Multiplexed live visualization of cell fate dynamics in hPSCs at single-cell resolution

ABSTRACT

Live imaging can provide powerful insights into developmental and cellular processes but availability of multiplexable reporters has been limiting. Here we describe ORACLE, a cell fate reporter class in which fluorescent proteins fused with the nucleoporin POM121 are driven by promoters of transcription factors of interest. ORACLE’s nuclear rim localisation therefore enables multiplexing with conventional nuclear reporters. We applied ORACLE to investigate the dynamics of pluripotency exit at single-cell level, using human pluripotent stem cells (hPSCs) imaged by multi-day time-lapse high-content microscopy. Using an ORACLE-OCT4 pluripotency marker we reveal that G1 phase length and OCT4 level are strongly coupled and that spatial location in a colony impacts the timing of pluripotency exit.

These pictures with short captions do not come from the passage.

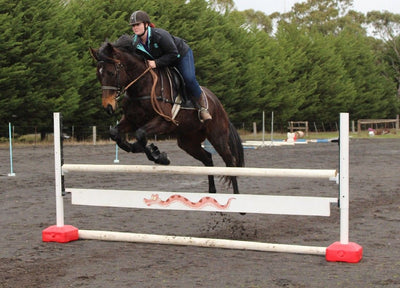Rider and Horse jumping
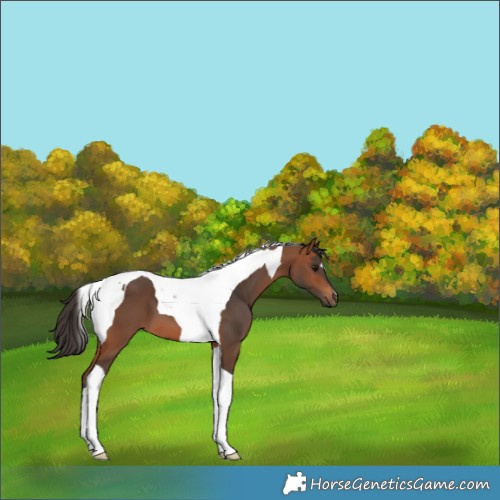 Horse Color:Bay Tobiano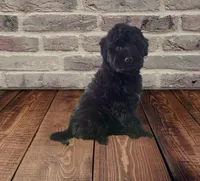 Beautiful F1 Black , a female Aussiedoodle for sale in Quartzsite, AZ – 1 of 7
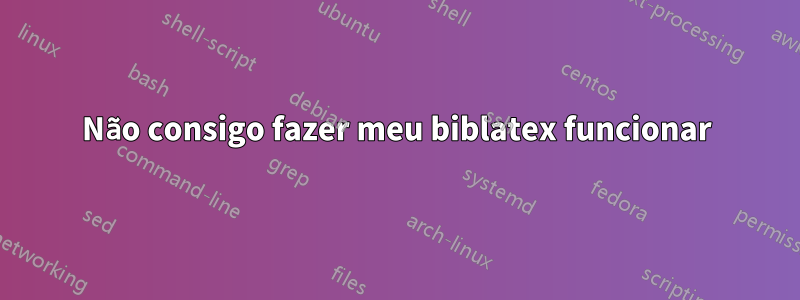 Não consigo fazer meu biblatex funcionar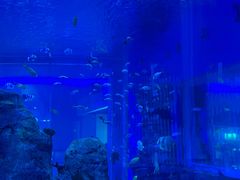 -石家庄极地海洋世界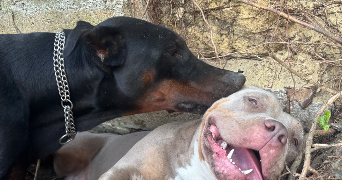 joana pet sitter à ST OUEN L AUMONE 95310_8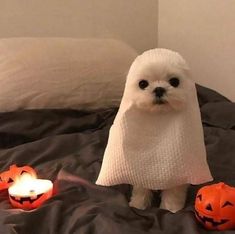 a small white dog sitting on top of a bed next to two halloween pumpkins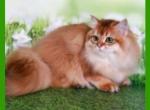 Golden longhair Champion  Joshua ny12 - British Shorthair Cat For Sale - 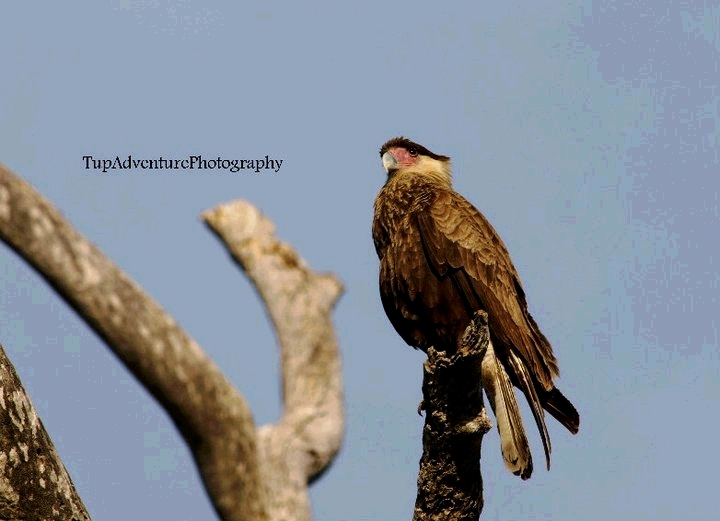 Caracara ทำหน้าที่เหมือนนกแร้งเก็บทำความสะอาดป่า กินซากและของเหลือจากสัตว์อื่น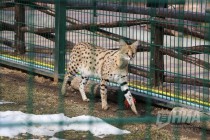 Пополнение сразу в нескольких семействах в зоопарке Лимпопо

Combining ORACLE-OCT4 and an ORACLE-SOX1 early neuronal differentiation marker, we visualize in real-time the dynamics of cell fate transition between pluripotency and early neural fate, and show that pluripotency exit and differentiation onset are likely not tightly coupled in single-cells. Thus ORACLE is a powerful tool to enable quantitative studies of spatiotemporal cell fate control.